A historical reference : Felix Guattari's Les Trois Écologies

In the light of Félix Guattari’s book The Three Ecologies (Guattari, 1987), which proposes a philosophical framework to think of personal, social, and environmental ecologies as a single system, we can think of the virtual world as a fourth ecology, in which cyberculture and Nature can intersect and co-exist. We can then design sustainable solutions using the Internet of Things while being cautious about our own agency on ecosystems. In this sense, is an Internet of Plant (IoP) as an agricultural model (Steeneken et al., 2023), feasible, viable and sustainable in the long term?Nature is a complex, self-balancing mechanism that achieves equilibrium throughout its entire ecosystem. While our technological apparatuses often give the illusion that we are dissociated from our natural environment, we should consider digital technologies as part of an all-encompassing ecology that operates between machines, data, living organisms, non-organic matter, natural forces, and humans. With interconnectivity at its core, this project stems from a need to connect back to the natural world, which is too often obfuscated by city skylines, highways, our perpetual online presence, etc. The goal is to encourage a symbiosis of nature and technology in non-intrusive ways, to explore the realm of ecological solutions within smart technologies, as well as to provide a reflection on repairing nature with art, as described in the book Un art écologique (Paul Ardenne, 2018).

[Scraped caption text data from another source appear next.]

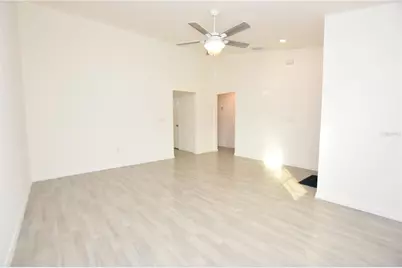 1035 Fox Lake Drive, Lakeland, FL 33809 - Photo 5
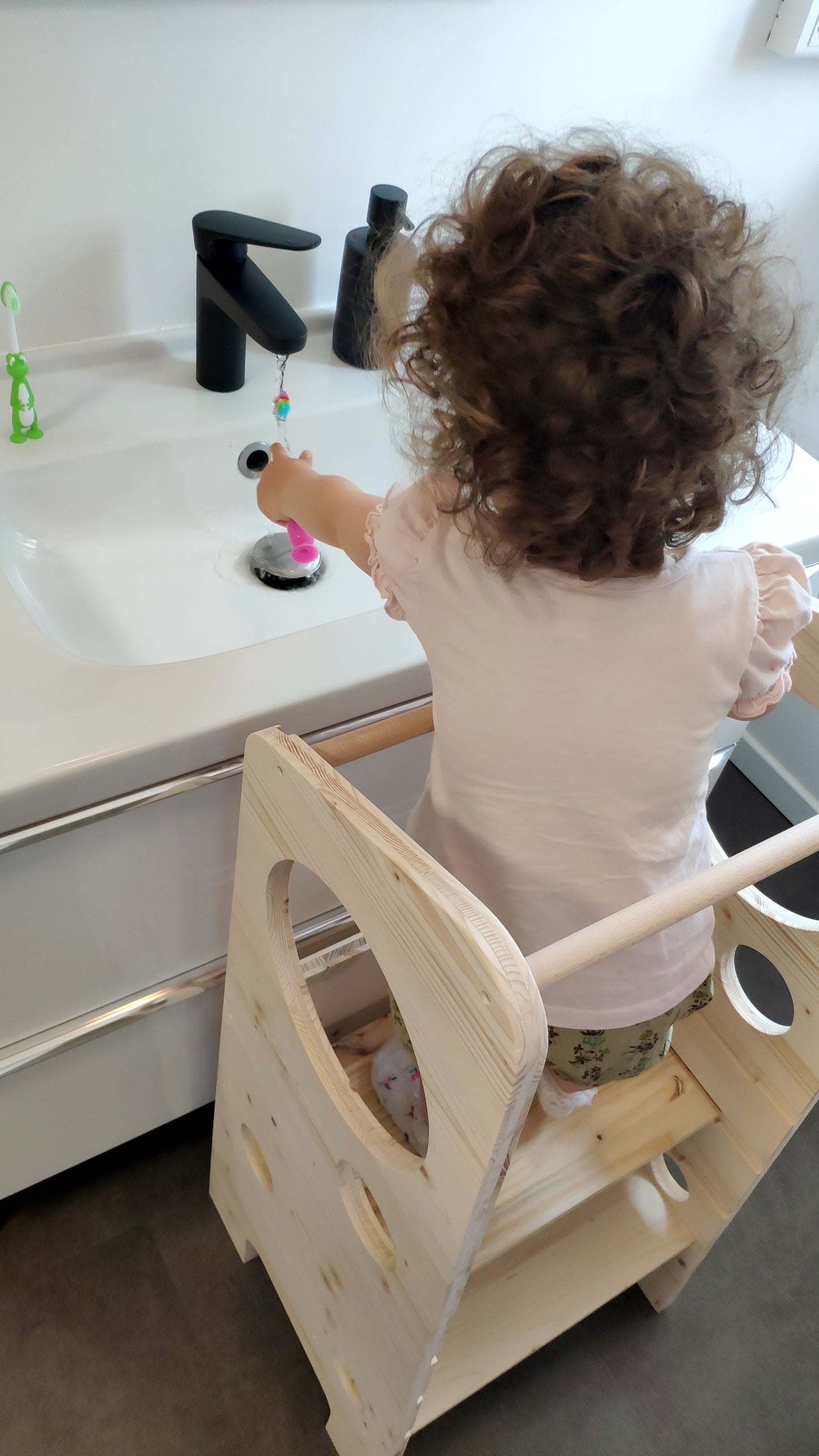 Tour d'apprentissage évolutive Montessori avec tableau amovible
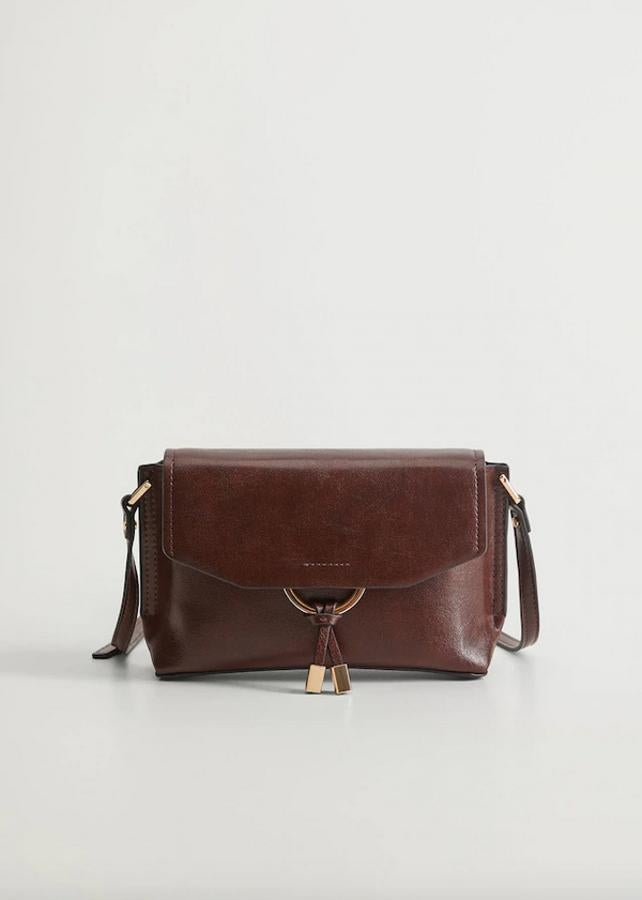 En color chocolate, este bolso cruzado de Mango en efecto piel abatanada viene con solapa frontal, asa larga ajustable y cierre metálico de imán. Cuesta 15,99 euros.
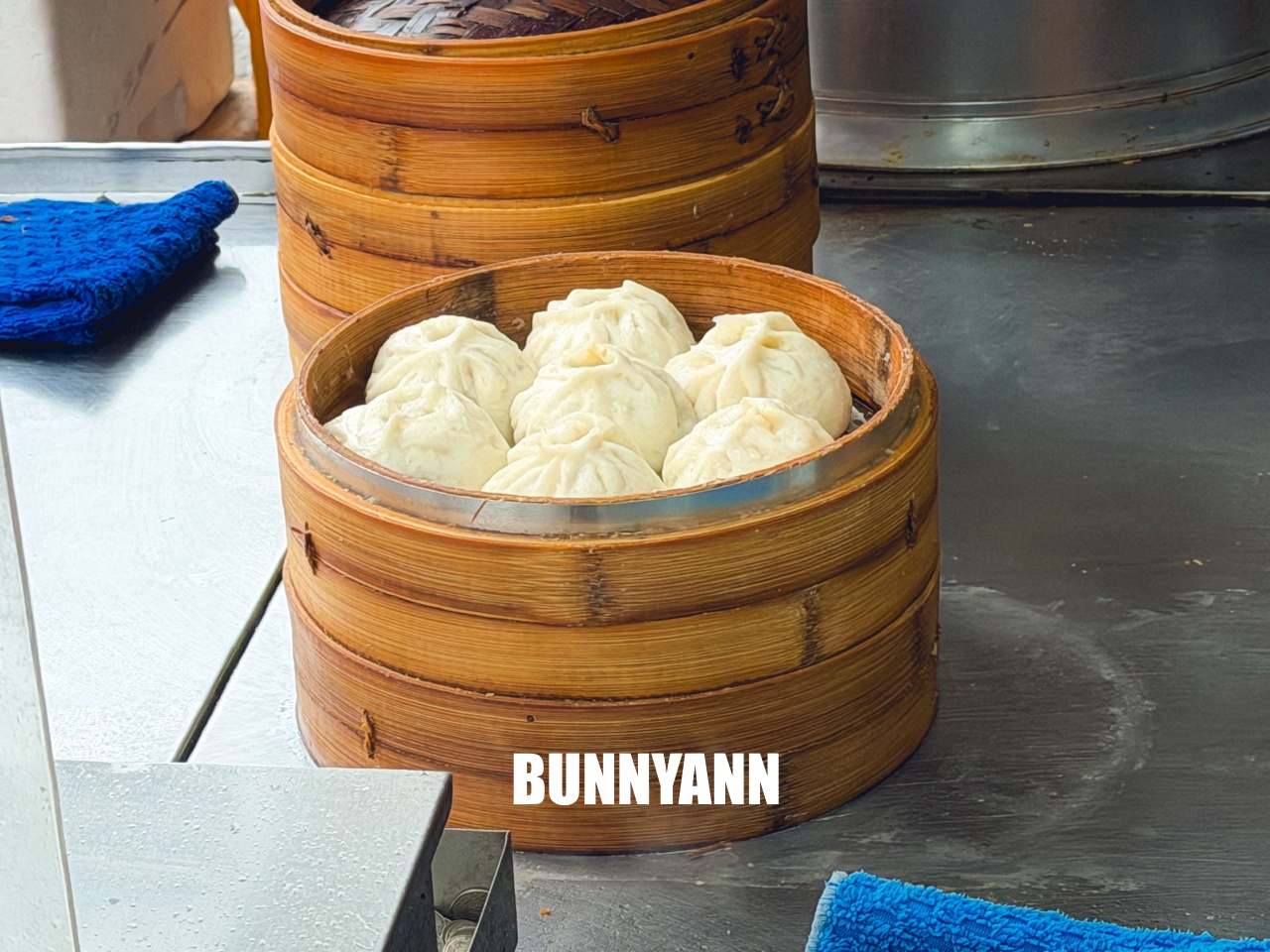 這間只有當地人知道，就是水煎包店家，一顆八元有夠便宜，小籠包也是經典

Alice Jarry's work on sustainability of resources and the micro-electronic aesthetics

Jarry's work on sustainability and glass waste reflect my own concern with similar themes, such as energy efficiency, recycling design, and e-waste. As the inclusion of recycled material in Jarry's work fosters the idea of design for disassembly, we can draw the parallel with the current state of my work, which has been designed with the inclusion of recycled wood, obtained from a discarded bed bunk, and some recycled electronic components. Ultimately, my work echoes Jarry's work as they're both an ode to the micro-controller and the wire aesthetic, as all components and their interactions are revealed for the audience to see.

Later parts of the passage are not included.